A study of animal action segmentation algorithms across supervised, unsupervised, and semi-supervised learning paradigms
- URL: http://arxiv.org/abs/2407.16727v1
- Date: Tue, 23 Jul 2024 14:22:16 GMT
- Title: A study of animal action segmentation algorithms across supervised, unsupervised, and semi-supervised learning paradigms
- Authors: Ari Blau, Evan S Schaffer, Neeli Mishra, Nathaniel J Miska, The International Brain Laboratory, Liam Paninski, Matthew R Whiteway,
- Abstract summary: We introduce a semi-supervised action segmentation model that bridges the gap between supervised deep neural networks and unsupervised graphical models.
We find that fully supervised temporal convolutional networks with the addition of temporal information perform the best on our supervised metrics across all datasets.

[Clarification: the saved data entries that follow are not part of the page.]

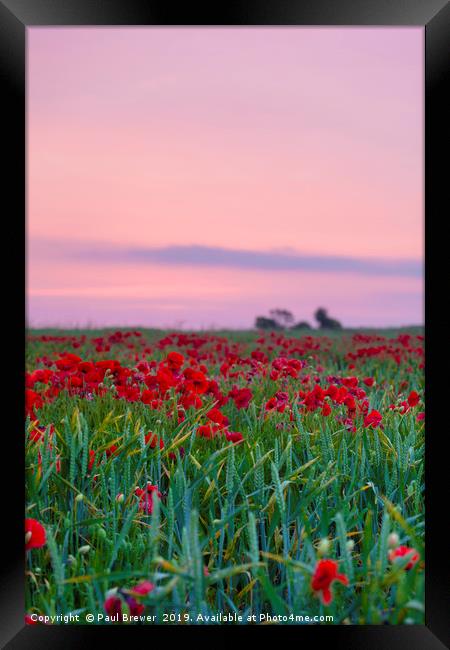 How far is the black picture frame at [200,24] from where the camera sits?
1617mm

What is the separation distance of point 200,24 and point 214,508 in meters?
1.42

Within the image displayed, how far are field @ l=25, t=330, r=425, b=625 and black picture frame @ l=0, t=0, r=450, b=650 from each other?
0.07 meters

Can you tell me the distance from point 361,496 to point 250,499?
0.38m

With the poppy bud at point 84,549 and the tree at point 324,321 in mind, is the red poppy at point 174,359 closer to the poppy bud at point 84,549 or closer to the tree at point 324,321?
the poppy bud at point 84,549

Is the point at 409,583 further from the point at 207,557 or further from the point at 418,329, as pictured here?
the point at 418,329

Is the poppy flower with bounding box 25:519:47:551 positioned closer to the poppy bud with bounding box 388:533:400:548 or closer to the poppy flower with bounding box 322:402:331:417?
the poppy bud with bounding box 388:533:400:548

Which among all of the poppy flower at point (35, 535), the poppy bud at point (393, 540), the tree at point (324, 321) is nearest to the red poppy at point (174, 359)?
the poppy flower at point (35, 535)

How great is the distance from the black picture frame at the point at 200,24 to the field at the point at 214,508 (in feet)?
0.22

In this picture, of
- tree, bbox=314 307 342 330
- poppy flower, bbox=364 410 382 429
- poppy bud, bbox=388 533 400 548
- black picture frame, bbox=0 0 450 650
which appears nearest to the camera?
poppy bud, bbox=388 533 400 548

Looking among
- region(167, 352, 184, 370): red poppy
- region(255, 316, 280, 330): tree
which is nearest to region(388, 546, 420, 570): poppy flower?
region(167, 352, 184, 370): red poppy

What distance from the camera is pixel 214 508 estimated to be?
194cm

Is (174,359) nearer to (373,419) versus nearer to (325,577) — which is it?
(373,419)

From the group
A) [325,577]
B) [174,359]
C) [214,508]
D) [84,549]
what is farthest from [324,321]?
[325,577]

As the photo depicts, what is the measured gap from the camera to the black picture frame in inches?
63.7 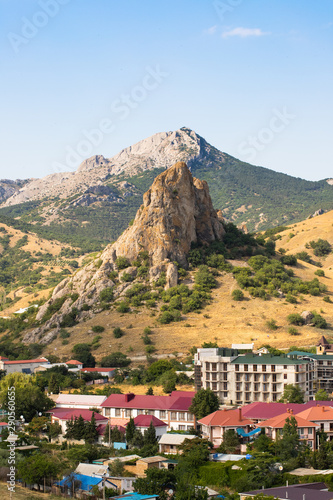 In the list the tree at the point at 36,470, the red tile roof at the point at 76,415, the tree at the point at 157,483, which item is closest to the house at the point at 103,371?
the red tile roof at the point at 76,415

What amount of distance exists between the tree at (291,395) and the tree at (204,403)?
659 centimetres

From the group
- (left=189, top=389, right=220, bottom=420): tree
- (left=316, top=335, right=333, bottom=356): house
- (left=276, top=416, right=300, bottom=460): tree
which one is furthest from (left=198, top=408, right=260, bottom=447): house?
(left=316, top=335, right=333, bottom=356): house

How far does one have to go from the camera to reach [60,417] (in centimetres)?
6300

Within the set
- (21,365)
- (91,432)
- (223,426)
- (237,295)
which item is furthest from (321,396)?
(21,365)

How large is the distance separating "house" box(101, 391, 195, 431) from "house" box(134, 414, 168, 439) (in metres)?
1.12

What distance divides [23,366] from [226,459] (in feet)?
136

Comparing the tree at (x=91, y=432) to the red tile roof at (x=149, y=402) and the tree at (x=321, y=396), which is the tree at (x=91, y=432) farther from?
the tree at (x=321, y=396)

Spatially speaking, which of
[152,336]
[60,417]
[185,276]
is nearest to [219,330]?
[152,336]

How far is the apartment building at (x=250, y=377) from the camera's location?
67.5m

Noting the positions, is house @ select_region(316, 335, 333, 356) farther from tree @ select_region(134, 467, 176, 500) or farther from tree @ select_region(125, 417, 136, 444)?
tree @ select_region(134, 467, 176, 500)

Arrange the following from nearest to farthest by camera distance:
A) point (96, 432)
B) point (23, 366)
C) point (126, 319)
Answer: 1. point (96, 432)
2. point (23, 366)
3. point (126, 319)

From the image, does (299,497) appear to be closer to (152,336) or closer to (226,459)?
(226,459)

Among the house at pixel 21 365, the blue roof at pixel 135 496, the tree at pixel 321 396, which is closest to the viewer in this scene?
the blue roof at pixel 135 496

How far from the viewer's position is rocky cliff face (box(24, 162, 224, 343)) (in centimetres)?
10600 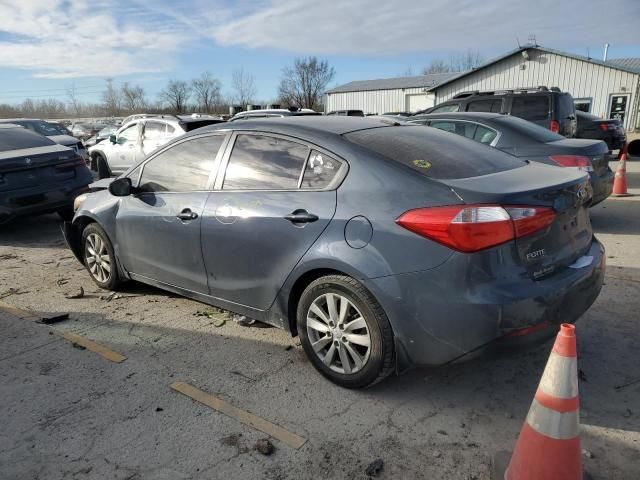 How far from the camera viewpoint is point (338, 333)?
120 inches

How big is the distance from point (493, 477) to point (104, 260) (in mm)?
3962

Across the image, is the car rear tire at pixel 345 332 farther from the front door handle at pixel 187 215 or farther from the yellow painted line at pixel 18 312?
the yellow painted line at pixel 18 312

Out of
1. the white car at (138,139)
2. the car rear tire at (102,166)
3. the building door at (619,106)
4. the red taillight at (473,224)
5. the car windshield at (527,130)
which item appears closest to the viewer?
the red taillight at (473,224)

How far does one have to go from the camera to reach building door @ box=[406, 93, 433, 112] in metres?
38.8

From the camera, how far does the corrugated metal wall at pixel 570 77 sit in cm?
2902

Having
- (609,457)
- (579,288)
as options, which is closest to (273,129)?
(579,288)

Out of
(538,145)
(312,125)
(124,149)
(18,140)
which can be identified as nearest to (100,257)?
(312,125)

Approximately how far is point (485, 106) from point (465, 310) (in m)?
8.77

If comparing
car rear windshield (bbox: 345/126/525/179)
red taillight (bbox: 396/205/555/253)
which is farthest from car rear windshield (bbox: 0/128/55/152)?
red taillight (bbox: 396/205/555/253)

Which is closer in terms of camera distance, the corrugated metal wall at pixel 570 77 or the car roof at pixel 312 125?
the car roof at pixel 312 125

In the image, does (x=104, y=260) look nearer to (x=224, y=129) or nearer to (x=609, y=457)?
(x=224, y=129)

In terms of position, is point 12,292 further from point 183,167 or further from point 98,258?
point 183,167

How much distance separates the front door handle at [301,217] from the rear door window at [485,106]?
26.5 feet

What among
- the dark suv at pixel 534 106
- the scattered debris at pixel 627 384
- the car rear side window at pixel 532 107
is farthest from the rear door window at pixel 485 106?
the scattered debris at pixel 627 384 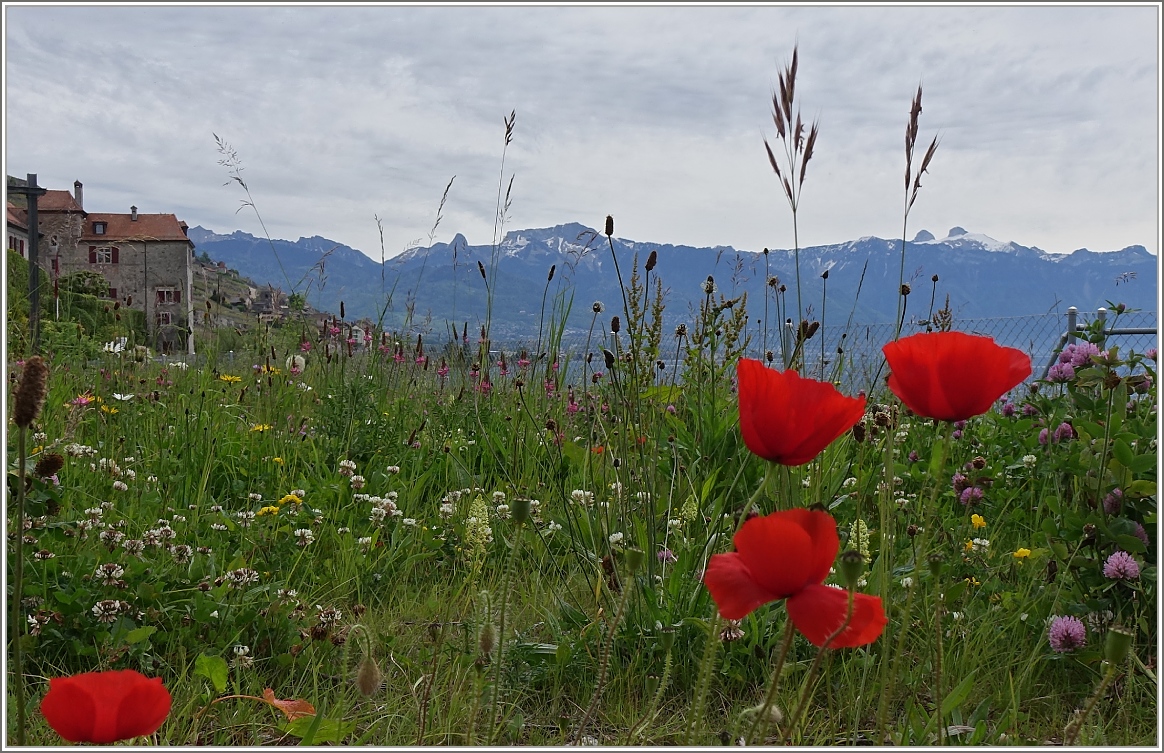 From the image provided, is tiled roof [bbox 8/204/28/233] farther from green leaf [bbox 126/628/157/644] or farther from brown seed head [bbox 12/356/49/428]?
brown seed head [bbox 12/356/49/428]

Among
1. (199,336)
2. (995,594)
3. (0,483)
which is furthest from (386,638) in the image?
(199,336)

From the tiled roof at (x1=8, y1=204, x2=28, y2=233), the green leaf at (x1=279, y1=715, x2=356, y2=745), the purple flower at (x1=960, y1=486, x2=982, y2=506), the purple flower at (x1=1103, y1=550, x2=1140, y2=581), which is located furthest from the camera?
the tiled roof at (x1=8, y1=204, x2=28, y2=233)

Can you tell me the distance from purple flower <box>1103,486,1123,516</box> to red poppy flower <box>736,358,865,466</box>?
118cm

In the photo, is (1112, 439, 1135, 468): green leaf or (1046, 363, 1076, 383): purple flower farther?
(1046, 363, 1076, 383): purple flower

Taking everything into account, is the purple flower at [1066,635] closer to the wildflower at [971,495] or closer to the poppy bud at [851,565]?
the wildflower at [971,495]

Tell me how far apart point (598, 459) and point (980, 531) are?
112 cm

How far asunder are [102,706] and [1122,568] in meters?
1.71

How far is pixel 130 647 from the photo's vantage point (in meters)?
1.48

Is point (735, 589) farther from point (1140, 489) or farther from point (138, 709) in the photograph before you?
point (1140, 489)

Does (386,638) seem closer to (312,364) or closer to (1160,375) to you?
(1160,375)

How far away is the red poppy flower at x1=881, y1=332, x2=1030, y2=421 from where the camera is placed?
2.86 ft

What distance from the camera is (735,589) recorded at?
72 cm

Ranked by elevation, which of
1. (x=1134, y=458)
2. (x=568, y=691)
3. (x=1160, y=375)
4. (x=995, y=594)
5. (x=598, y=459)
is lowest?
(x=568, y=691)

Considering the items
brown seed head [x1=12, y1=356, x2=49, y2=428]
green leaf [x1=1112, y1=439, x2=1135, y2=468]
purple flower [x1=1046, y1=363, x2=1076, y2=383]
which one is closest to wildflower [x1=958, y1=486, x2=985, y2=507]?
purple flower [x1=1046, y1=363, x2=1076, y2=383] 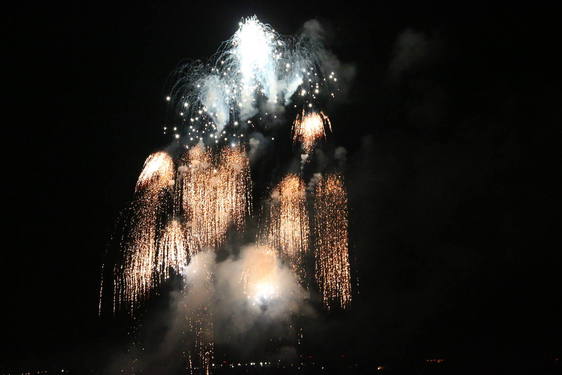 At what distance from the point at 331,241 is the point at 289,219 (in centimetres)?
371

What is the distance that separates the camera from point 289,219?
2294cm

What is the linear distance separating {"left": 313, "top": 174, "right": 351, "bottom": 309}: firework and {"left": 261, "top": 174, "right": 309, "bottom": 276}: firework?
86 centimetres

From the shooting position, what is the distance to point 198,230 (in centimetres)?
2288

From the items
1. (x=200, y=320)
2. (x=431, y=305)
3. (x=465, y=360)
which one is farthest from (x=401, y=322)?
(x=200, y=320)

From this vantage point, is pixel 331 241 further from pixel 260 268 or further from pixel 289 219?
pixel 260 268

- Score: 3.597220870252727
- License: http://creativecommons.org/licenses/by/4.0/
- Abstract: Action segmentation of behavioral videos is the process of labeling each frame as belonging to one or more discrete classes, and is a crucial component of many studies that investigate animal behavior. A wide range of algorithms exist to automatically parse discrete animal behavior, encompassing supervised, unsupervised, and semi-supervised learning paradigms. These algorithms -- which include tree-based models, deep neural networks, and graphical models -- differ widely in their structure and assumptions on the data. Using four datasets spanning multiple species -- fly, mouse, and human -- we systematically study how the outputs of these various algorithms align with manually annotated behaviors of interest. Along the way, we introduce a semi-supervised action segmentation model that bridges the gap between supervised deep neural networks and unsupervised graphical models. We find that fully supervised temporal convolutional networks with the addition of temporal information in the observations perform the best on our supervised metrics across all datasets.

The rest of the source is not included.